La creación y desarrollo de las llamadas asociaciones público privadas (APP) en el último decenio del siglo XX y su entusiasta adopción en lo que va de éste, fue producto del Consenso de Washington (el decálogo formulado en 1989 con la supuesta finalidad de que los países en desarrollo salieran de sus constantes crisis económicas), y desde entonces se ha ido fortaleciendo al punto de que hoy los economistas que conciben un Estado sin participación privada constituyen casi una especie en extinción.
En los papeles, las APP pueden representar una salida razonable para la persistente exigüidad de recursos estatales y la frecuente insuficiencia pública en materia de gestión (que ha dado lugar, precisamente, a la ficción de que la IP es mucho más confiable en ese sentido).
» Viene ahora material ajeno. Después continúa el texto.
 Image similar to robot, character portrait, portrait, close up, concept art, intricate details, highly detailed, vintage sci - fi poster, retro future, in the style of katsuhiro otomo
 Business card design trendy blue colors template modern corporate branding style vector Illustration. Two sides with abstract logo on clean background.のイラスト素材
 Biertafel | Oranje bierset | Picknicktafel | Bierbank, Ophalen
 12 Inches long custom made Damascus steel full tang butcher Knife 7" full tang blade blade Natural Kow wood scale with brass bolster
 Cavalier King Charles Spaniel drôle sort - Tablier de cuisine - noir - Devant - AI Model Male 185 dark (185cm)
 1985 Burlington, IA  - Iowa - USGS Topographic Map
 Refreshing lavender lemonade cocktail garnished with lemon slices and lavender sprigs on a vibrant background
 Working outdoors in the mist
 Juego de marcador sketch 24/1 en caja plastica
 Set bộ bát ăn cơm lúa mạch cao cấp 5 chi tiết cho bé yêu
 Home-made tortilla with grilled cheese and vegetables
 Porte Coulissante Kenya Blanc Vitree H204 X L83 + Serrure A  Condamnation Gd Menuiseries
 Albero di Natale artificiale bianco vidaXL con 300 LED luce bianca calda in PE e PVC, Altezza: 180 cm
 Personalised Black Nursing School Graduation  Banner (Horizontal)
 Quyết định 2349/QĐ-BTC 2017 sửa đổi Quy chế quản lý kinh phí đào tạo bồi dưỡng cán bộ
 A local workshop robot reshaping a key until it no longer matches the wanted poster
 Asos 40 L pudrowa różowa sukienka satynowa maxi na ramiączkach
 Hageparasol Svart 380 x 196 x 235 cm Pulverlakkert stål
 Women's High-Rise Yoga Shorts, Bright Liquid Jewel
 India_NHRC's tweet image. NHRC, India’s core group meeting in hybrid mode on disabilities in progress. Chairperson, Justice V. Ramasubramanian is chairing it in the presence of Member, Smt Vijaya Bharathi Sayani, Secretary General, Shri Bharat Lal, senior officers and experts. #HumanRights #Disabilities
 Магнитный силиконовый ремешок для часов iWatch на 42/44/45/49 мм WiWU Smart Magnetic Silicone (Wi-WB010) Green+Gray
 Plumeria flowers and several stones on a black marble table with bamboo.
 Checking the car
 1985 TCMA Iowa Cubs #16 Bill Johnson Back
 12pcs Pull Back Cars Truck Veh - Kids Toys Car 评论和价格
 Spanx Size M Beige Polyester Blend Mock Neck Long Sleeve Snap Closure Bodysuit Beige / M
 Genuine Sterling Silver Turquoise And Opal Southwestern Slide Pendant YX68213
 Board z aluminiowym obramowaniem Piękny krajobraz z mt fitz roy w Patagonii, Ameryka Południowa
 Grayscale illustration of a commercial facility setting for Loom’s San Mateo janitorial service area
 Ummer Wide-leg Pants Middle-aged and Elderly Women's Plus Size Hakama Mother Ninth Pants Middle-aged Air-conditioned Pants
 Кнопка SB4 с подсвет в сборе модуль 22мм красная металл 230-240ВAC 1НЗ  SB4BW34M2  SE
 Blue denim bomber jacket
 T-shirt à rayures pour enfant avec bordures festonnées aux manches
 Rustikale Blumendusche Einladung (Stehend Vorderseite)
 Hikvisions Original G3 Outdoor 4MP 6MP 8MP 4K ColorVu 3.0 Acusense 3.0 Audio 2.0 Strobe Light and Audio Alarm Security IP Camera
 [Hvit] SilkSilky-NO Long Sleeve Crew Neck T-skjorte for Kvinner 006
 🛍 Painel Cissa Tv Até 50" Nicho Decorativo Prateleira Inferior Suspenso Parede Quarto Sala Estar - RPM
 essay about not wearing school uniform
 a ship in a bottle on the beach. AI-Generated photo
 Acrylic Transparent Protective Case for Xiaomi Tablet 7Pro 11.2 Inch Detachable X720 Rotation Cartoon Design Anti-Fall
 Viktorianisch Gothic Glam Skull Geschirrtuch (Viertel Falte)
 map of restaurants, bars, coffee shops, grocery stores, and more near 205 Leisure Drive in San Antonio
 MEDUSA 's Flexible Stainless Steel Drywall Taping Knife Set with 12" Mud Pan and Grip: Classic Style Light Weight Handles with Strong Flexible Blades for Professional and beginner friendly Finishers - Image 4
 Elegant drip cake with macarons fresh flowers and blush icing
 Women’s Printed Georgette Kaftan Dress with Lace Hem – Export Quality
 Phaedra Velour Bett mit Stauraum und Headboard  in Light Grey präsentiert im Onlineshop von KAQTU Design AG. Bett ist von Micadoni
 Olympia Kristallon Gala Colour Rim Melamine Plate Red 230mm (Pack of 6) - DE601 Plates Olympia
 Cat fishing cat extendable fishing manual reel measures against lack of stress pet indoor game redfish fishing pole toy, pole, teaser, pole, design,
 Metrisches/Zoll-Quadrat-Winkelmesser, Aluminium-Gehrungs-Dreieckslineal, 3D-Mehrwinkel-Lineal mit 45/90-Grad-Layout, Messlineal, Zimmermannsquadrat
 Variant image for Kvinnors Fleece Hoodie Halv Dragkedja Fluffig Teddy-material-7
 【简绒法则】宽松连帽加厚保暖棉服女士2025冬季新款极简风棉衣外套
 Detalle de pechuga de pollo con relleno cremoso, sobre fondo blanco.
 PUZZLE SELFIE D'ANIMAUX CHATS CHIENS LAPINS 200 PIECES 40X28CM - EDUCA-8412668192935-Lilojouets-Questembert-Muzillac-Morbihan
En la práctica el panorama no es tan claro ni diáfano, básicamente porque el mecanismo para licitar las concesiones de obras y la constitución de las APP encargadas de administrar los proyectos deja espacios para que la omnipresente sombra de la corrupción se proyecte sobre cada uno de ellos, en tanto la legislación específica (la ley que regula esas asociaciones) aún tiene imprecisiones que permiten dos o más interpretaciones, y ello deja lugar a la opacidad al momento de las adjudicaciones.
Pero en el fondo subyace una contradicción difícil de solventar, que en un lado tiene al Estado, cuya obligación es prestar servicios públicos de calidad y a precios accesibles, y en el otro a la iniciativa privada, que más allá de sus buenos propósitos tiene como fin la búsqueda de la mayor tasa posible de ganancia para sus propietarios o accionistas.